RECORDS FOR THIS TASK Block Start

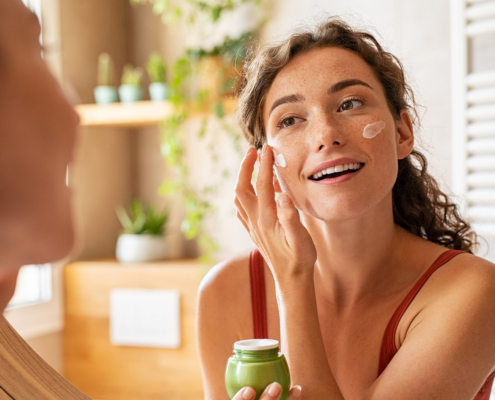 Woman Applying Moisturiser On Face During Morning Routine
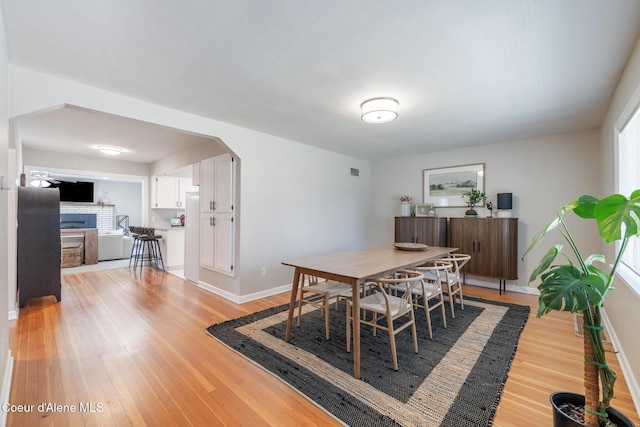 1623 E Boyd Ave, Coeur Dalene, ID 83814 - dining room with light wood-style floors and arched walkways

RECORDS FOR THIS TASK Block End
RECORDS FOR THIS TASK Block Start

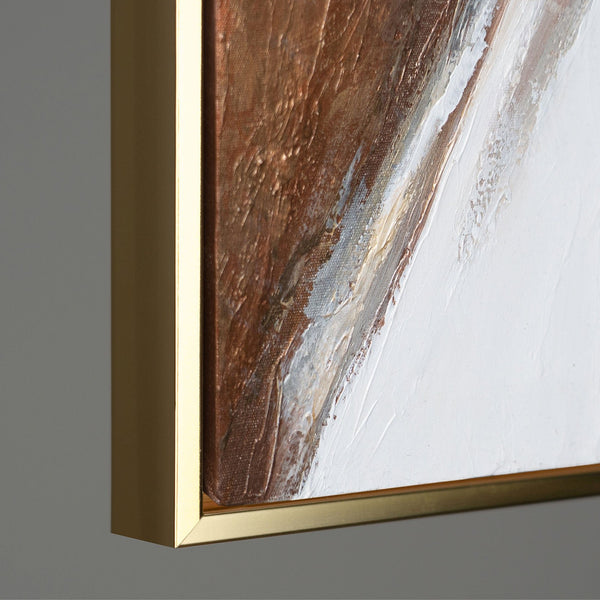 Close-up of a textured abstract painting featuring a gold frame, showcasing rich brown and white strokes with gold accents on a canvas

RECORDS FOR THIS TASK Block End

● WHAT YOU WILL DO
Using the data above, transcribe exactly the lines between those containing "Woman Applying Moisturiser" and "1623 E Boyd", inclusive, and leave every picture behind.

● WRITTEN ANSWER
 Woman Applying Moisturiser On Face During Morning Routine
 1623 E Boyd Ave, Coeur Dalene, ID 83814 - dining room with light wood-style floors and arched walkways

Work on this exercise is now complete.